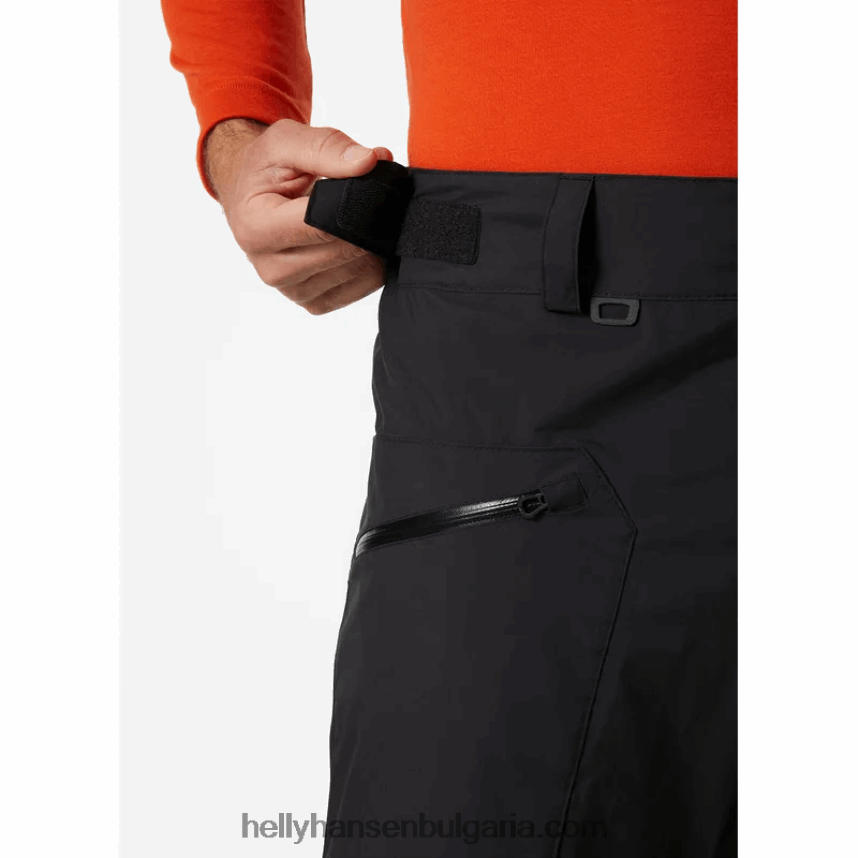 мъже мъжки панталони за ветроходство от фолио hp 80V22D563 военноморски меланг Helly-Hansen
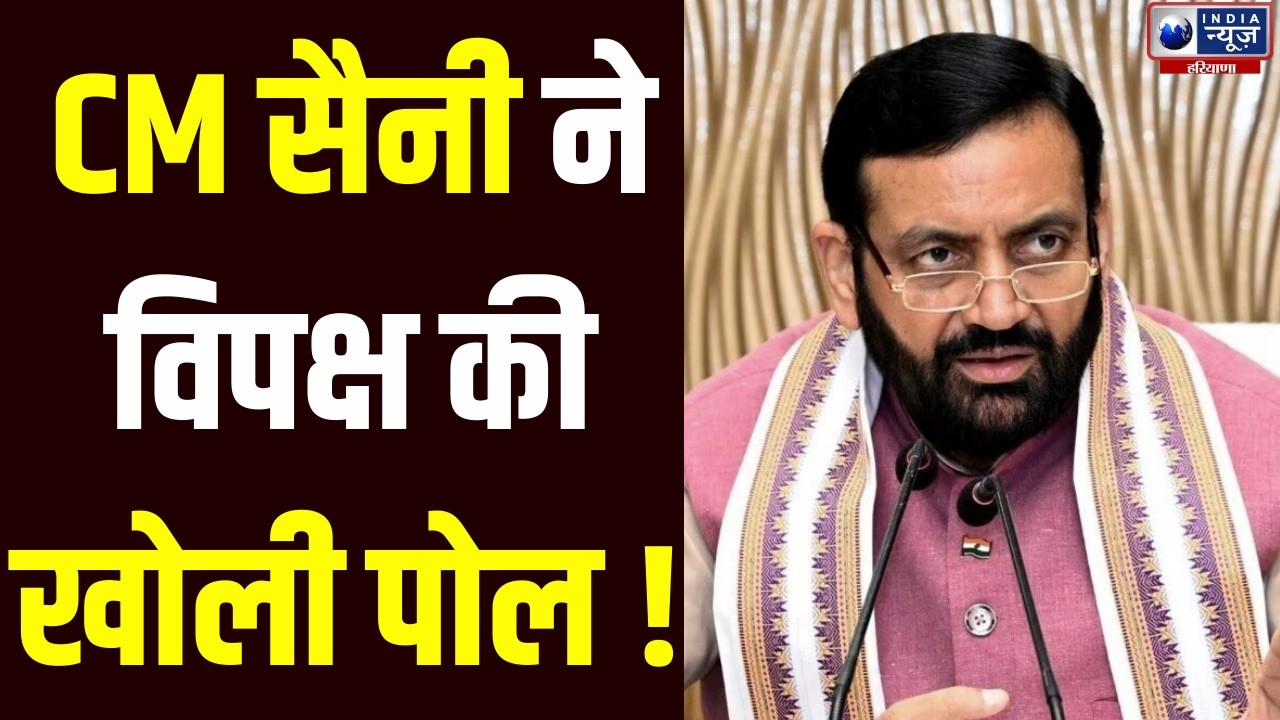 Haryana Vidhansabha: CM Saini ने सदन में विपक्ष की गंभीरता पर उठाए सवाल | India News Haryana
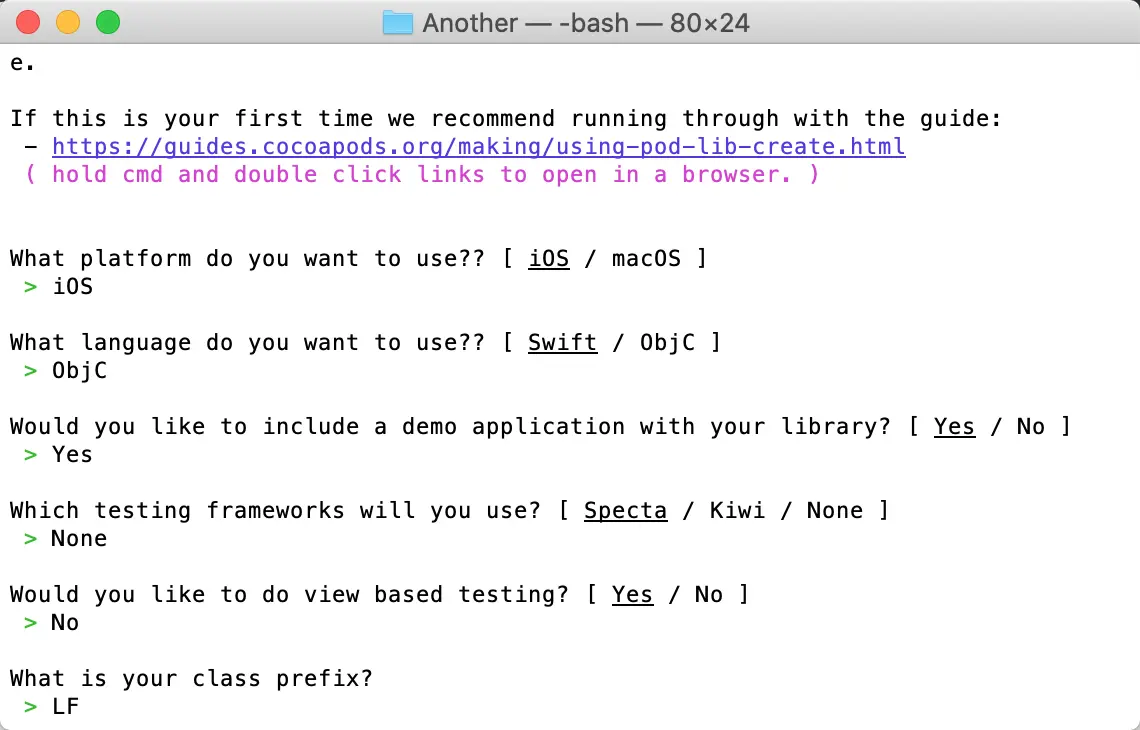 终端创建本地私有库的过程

★ ★ ★ ★

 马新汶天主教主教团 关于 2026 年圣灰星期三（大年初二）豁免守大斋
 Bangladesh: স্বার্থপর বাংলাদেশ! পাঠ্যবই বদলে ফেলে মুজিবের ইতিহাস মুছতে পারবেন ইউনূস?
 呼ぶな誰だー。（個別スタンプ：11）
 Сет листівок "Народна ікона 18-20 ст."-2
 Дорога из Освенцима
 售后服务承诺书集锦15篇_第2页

★ ★ ★ ★

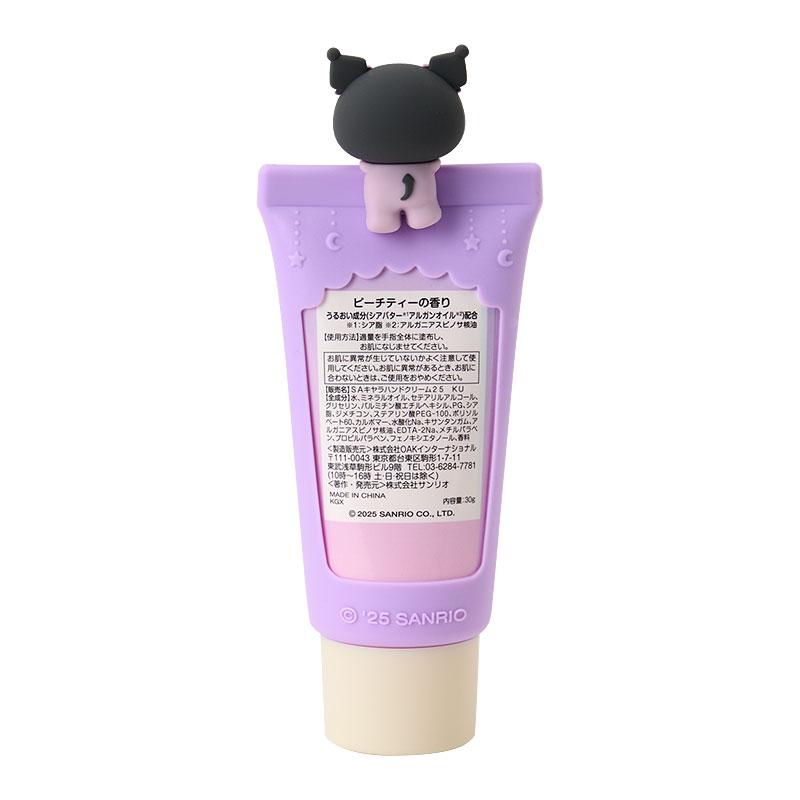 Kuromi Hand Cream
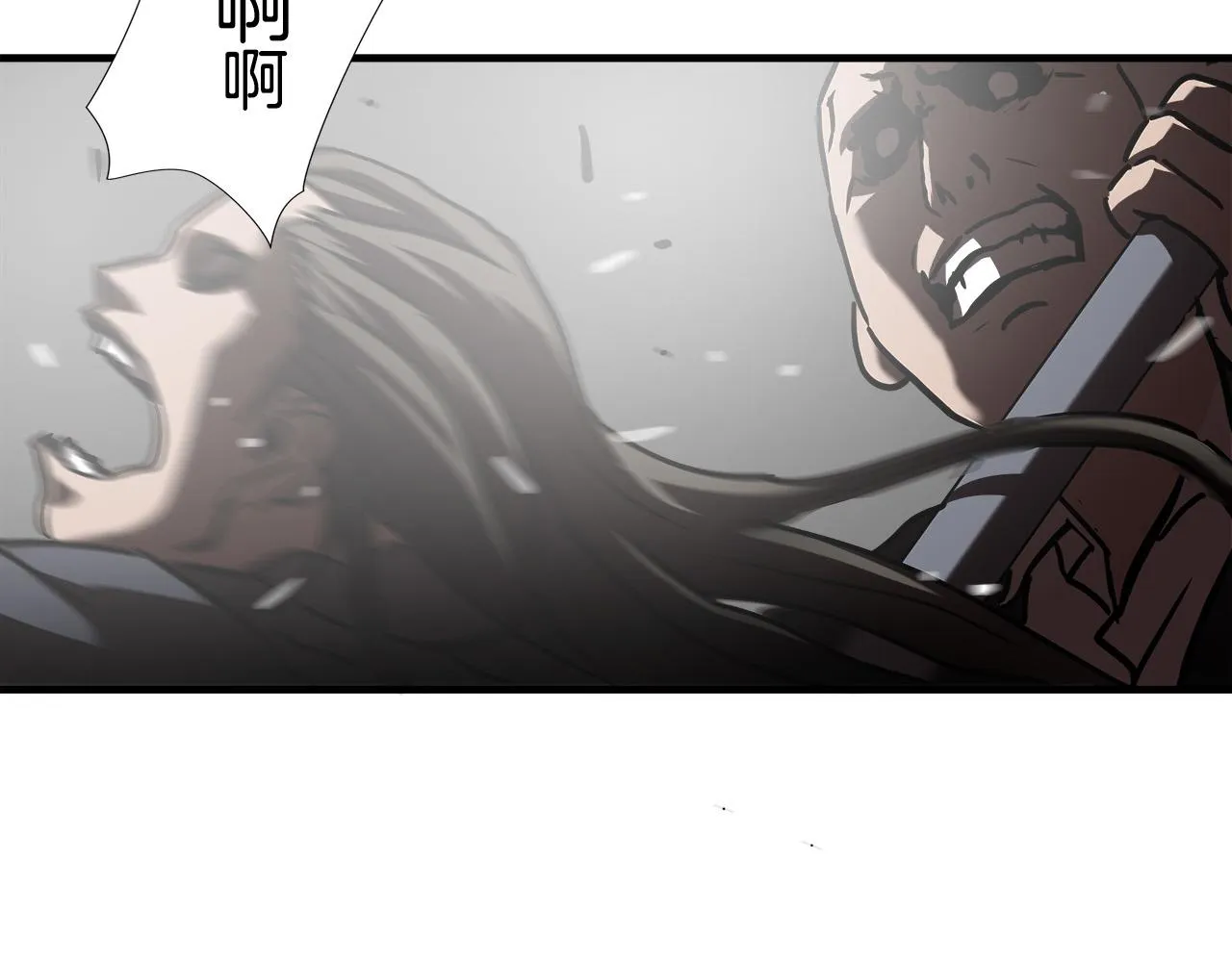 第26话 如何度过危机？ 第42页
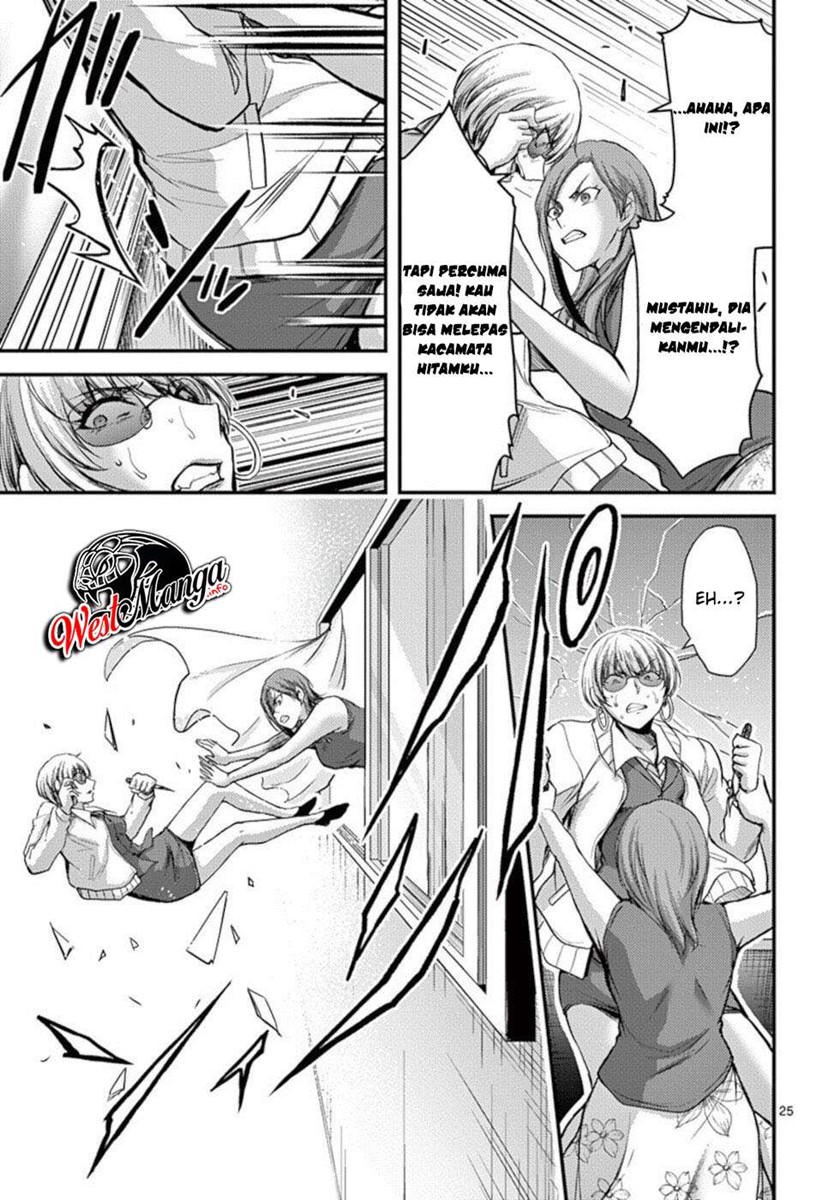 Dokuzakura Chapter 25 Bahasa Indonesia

★ ★ ★ ★

## Brief
Going back to the entries above, set down exactly the lines that begin at the one with "呼ぶな誰だー。（個別スタンプ：11）" and end at the one with "售后服务承诺书集锦15篇_第2页", both included, and nothing else.

## Response to the exercise
 呼ぶな誰だー。（個別スタンプ：11）
 Сет листівок "Народна ікона 18-20 ст."-2
 Дорога из Освенцима
 售后服务承诺书集锦15篇_第2页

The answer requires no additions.